> _Task goal_: Write out every line below that includes the word "White".

> _Data excerpts_:
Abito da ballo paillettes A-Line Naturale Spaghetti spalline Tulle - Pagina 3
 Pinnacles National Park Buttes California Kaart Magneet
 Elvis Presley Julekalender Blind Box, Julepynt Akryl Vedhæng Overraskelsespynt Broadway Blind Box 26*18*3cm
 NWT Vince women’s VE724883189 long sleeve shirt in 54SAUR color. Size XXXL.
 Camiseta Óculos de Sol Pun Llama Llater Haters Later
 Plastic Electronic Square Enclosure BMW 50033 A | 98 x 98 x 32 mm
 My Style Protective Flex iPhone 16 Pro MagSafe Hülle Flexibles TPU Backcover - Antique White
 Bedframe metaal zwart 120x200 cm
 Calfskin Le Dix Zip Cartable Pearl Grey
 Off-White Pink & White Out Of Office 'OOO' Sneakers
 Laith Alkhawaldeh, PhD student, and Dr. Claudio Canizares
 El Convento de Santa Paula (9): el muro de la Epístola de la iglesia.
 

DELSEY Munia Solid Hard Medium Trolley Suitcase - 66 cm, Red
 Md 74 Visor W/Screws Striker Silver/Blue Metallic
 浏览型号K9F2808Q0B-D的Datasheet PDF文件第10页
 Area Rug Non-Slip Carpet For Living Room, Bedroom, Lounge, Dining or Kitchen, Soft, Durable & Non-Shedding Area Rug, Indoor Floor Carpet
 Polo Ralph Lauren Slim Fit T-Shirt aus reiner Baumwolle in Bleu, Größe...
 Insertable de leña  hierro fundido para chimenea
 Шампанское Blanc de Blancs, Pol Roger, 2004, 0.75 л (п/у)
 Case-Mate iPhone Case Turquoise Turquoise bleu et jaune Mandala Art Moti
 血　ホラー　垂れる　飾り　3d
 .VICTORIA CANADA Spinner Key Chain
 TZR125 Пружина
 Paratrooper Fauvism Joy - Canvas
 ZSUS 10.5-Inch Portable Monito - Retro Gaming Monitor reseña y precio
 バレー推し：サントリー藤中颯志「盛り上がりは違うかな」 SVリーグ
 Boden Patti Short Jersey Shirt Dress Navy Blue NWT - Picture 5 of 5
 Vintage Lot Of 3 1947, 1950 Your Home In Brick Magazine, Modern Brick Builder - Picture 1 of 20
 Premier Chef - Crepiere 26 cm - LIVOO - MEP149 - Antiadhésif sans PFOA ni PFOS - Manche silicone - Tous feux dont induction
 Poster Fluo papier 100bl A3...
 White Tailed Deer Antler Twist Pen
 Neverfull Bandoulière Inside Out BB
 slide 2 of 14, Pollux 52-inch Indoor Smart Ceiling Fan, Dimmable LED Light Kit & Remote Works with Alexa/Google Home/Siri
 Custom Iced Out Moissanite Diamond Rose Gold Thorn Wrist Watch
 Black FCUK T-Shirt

> _The answer_:
 My Style Protective Flex iPhone 16 Pro MagSafe Hülle Flexibles TPU Backcover - Antique White
 Off-White Pink & White Out Of Office 'OOO' Sneakers
 White Tailed Deer Antler Twist Pen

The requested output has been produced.